Gemeinsam mit Freunden aus dem jüdischen Jugendtreff ist
er der Einladung des Jungen Forums Dortmund zum Besuch des ehemaligen
Gestapo-Gefängnisses gefolgt. Die geheime Staatspolizei der Nazis hatte von
1933 bis 1945 das Kommondo in der Steinwache. 30 000 Gefangene mit dem
Vermerk "politisch" durchlitten diese Einrichtung. "Politische Gefangene" -
das waren Funktionäre von linken Parteien, Juden und Sinti, Anhänger der
traditionellen Kirchen und der Zeugen Jehovas. Hinter diesen Mauern waren
sie Rechtlose, der Willkür ausgeliefert. Folter und Verhör, Qualen und
Erniedrigung. Nicht wenige starben. Und viele endeten im KZ.

Die 20 Jugendlichen gehen durch die Wache, werden dort von
Karl Belitzky geradezu mit Informationen "bombardiert". Ihm ist wichtig,
möglichst viel zu vermitteln. Die Brutalität und Menschenverachtung des
Systems, die Einzelschicksale. Oft Schicksale von Opfern, die kaum älter
sind als die Besucher. Ein 16-Jähriger, der nach einem Streit mit einem
SS-Mann 14 Tage in den Gestapo-Knast kam und dem die Wärter das Gesicht mit
Schlagringen zertrümmerten. Die Brüche wurden nicht behandelt. Er ist
entstellt und für sein Leben gezeichnet. Oder das Schicksal einer jungen
polnischen Zwangsarbeiterin, die Unterwäsche gestohlen haben sollte und
dafür zum Tode verurteilt wurde.
"Man
kommt nachdenklich und deprimiert heraus", sagt Daniel (15). Auch Anna
vermag es kaum zu fassen: "Wegen jeder Kleinigkeit ist man hier gelandet.
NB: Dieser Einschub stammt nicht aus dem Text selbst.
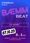 BÆMM BEAT – PAAAARTY !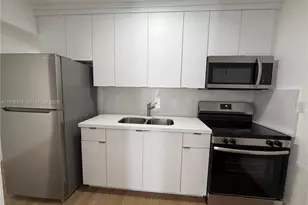 1927 NW 20th Ave, Miami, FL 33125 - Photo 11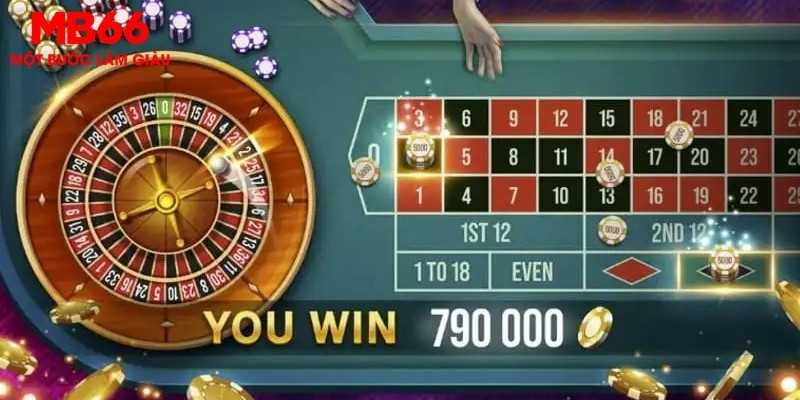 sunwin club đánh baccarat là gì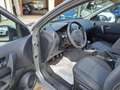 Nissan Qashqai Qashqai 1.6 16V Visia Gris - thumbnail 6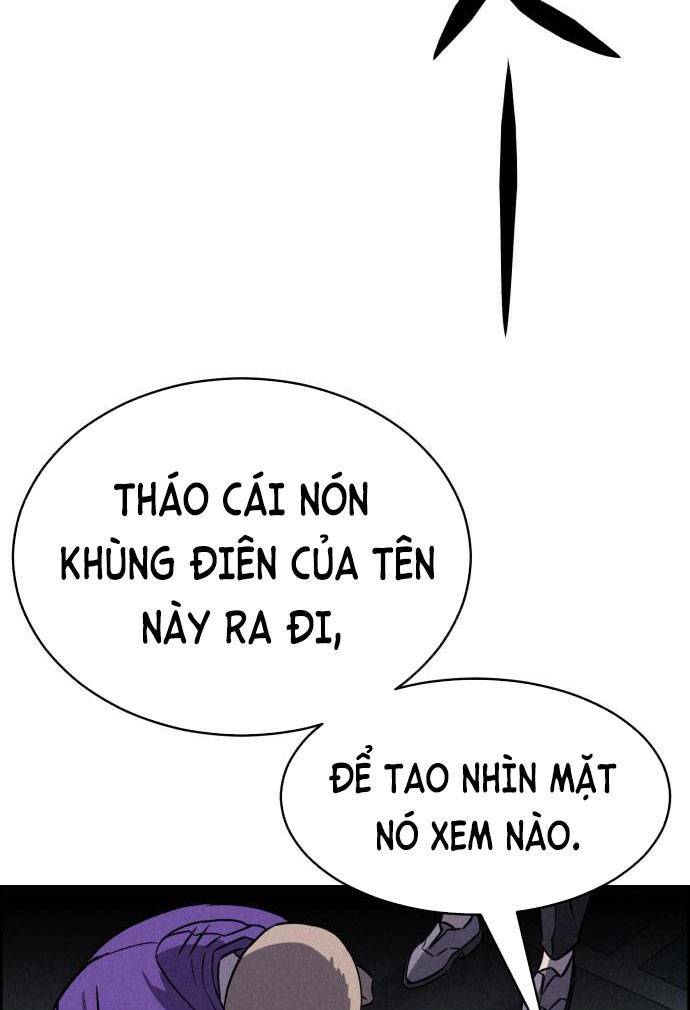 Chương 80 - Trang 63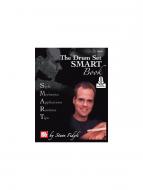 The Drum Set Smart Book 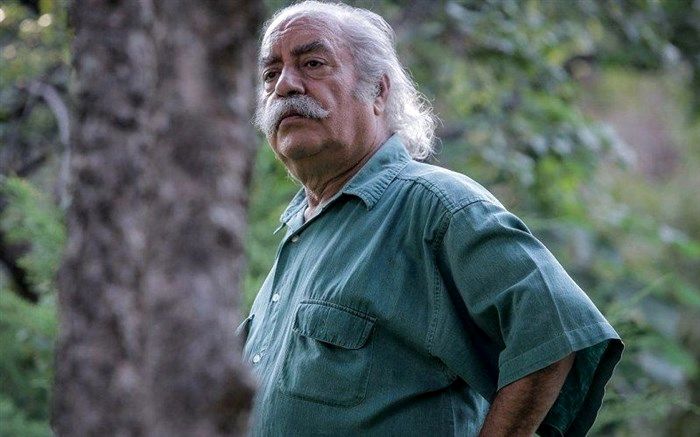 «بهزاد فراهانی» برای اولین بار فیلم سینمایی می سازد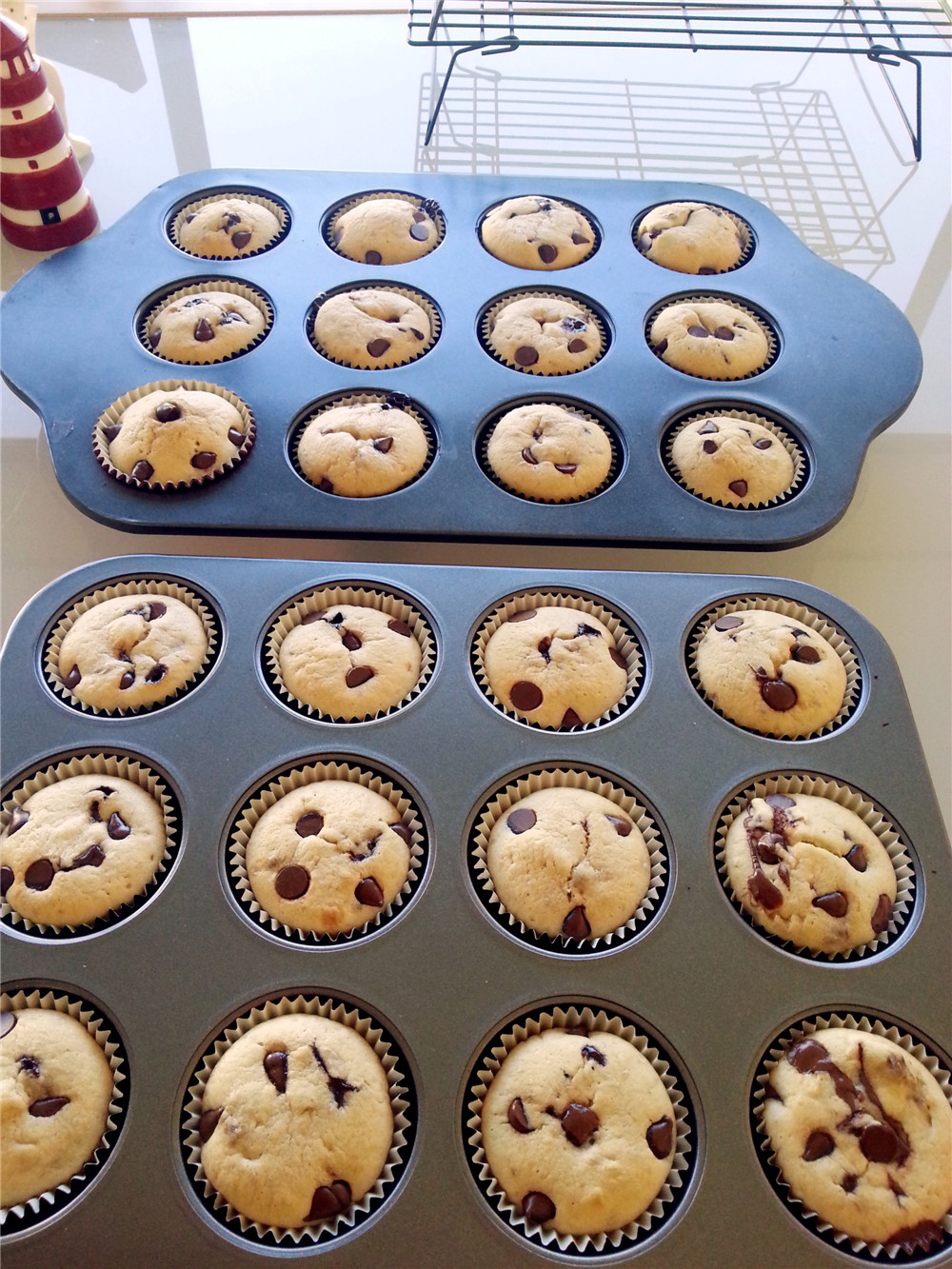 2014-04-12 14.43.08_����_����1.jpg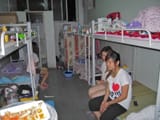 factoryhousing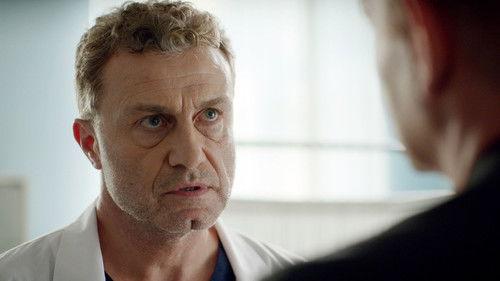 Stolen Life Season 4 Episode 15 - Episode 15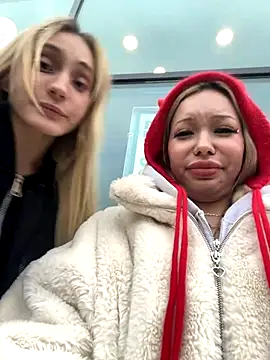 babydolll live sex cam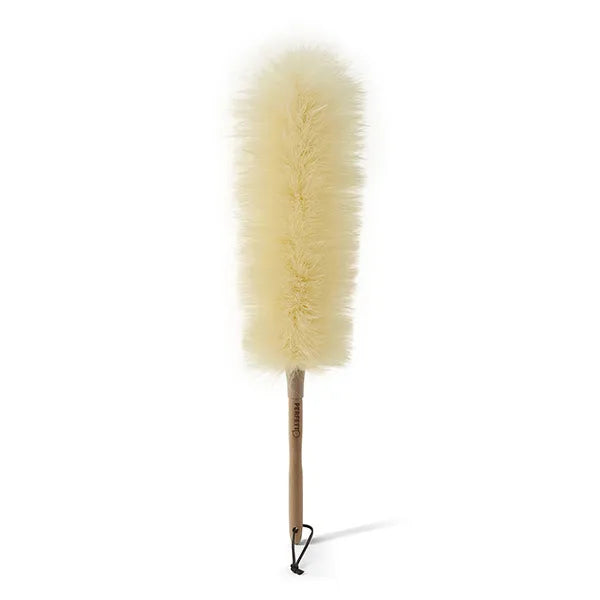 WOOL DUSTER 60cm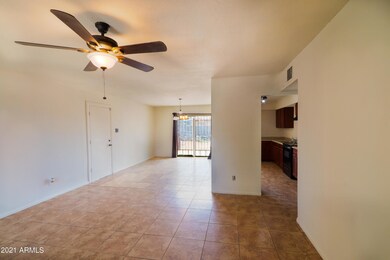 3611 N 79th Ave, Phoenix, AZ 85033 - photo 4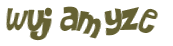 Captcha-test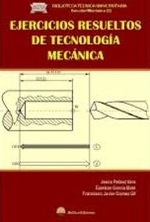 Ejercicios Resueltos De Tecnologia Mecanica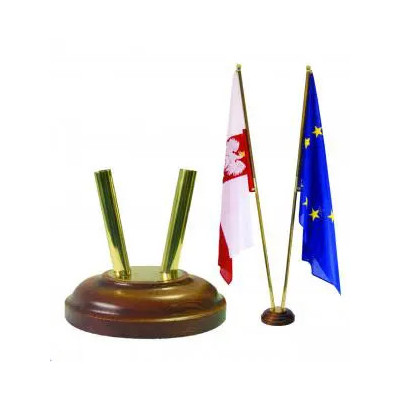 Import produktów XML malowia.pl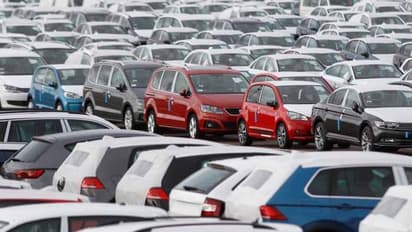 വര്ഷാവസാനം കാര് വാങ്ങിയാലുള്ള ഗുണങ്ങളും ദോഷങ്ങളും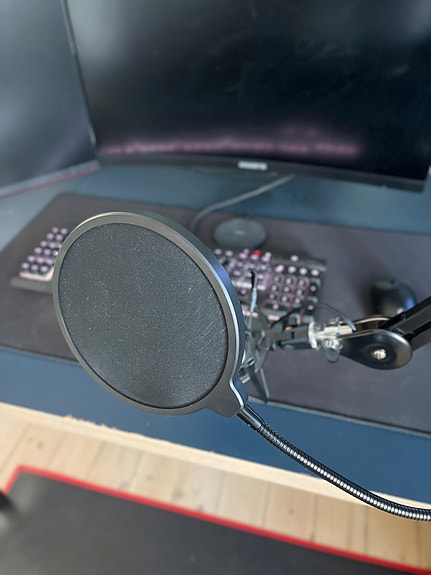Product image 7 of 10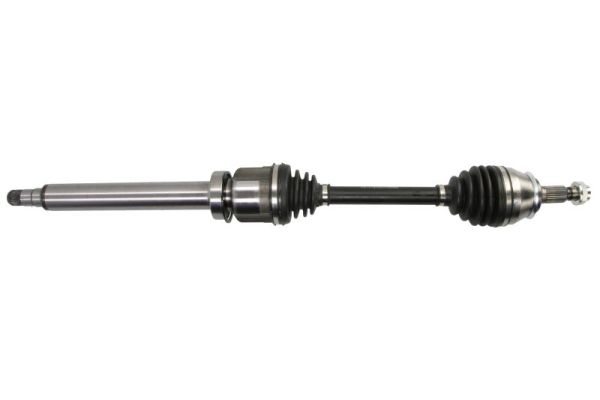 Drive Shaft (G2B023PC)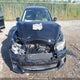 JN1EV7AR3LM254802 2020 Infiniti Q50 Luxe/Pure/Signature Edition/Signature Edition Proassist/Sport/Sport Proactive auction photo thumbnail 10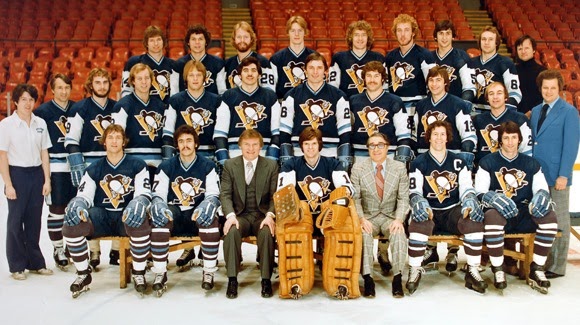 1977-78 1977-78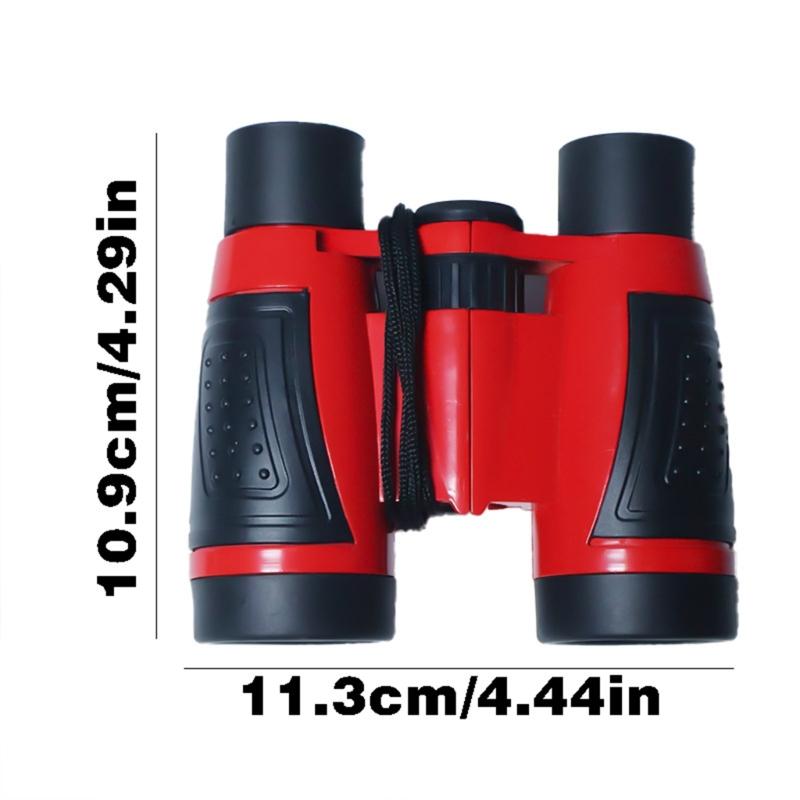 Compacts Telescope Telescope Portables Telescope Folded Long Ranges Telescope for Football Game Enthusiasts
Und es war Zufall, ob man es überlebt", sagt die 16-Jährige. "Willkür
entschied über Leben und Tod." Menschenrechte, Menschenwürde, Rechtstaat.
Heute scheinbar Selbstverständlichkeiten.
Doch eben nur scheinbar, macht Belitzky deutlich. Jeder
Einzelne muss sich dafür einsetzen, damit es auch in Zukunft diese
Grundrechte für alle Menschen gibt. "In der Steinwache ist das alles noch so
real", berichtet Henriette (22). "Die Geschichte holt einen ein." Das kann
auch Julia (22) nur unterstreichen. "Das waren Menschen wie wir", sagt sie
beim Blick auf die Texte der Opfer. Es sind eben immer die Einzelschicksale.
"Der Tod von Hunderttausenden ist eine Statistik. Aber der Tod von Einzelnen
eine Tragödie", erinnert der 17-Jährige Igor an ein Zitat von Stalin.
Daher gedachten die jüdischen und christlichen
Jugendlichen in einer kleinen Zeremonie, unweit eines Bildes mit einer
Erschießungsszene mit einem Gedicht, Kerzen und Schweigeminuten den Opfern.
"Unsere Aufgabe ist es aufzupassen. Wir dürfen nicht zulassen, dass so etwas
wieder geschieht", lasen die Jugendlichen vor.
Allerdings stieß diese Zeremonie nicht auf die Gegenliebe
des Wachdienstes. Die Mitarbeiter hatten seit einigen Minuten Feierabend,
drängten die Jugendlichen, endlich zu gehen. "Sie haben uns rausgeschmissen,
mitten in der Schweigeminute", ärgert sich Daniel. Dafür entschuldigt sich
Hans-Wilhelm Bohrisch vom Stadtarchiv. "Das war nicht in unserem Sinne.
Jeder soll ohne Zeitdruck den Opfern gedenken können."
Hintergrund zum Jungen Forum Dortmund:
Das Junge Forum in der Gesellschaft für Christlich-Jüdische Zusammenarbeit
Dortmund e. V. versteht sich als ein unabhängiges Forum für junge Menschen,
die sich für Völkerverständigung, Demokratie und Zivilcourage und gegen
Gewalt und Fremdenfeindlichkeit entschieden haben.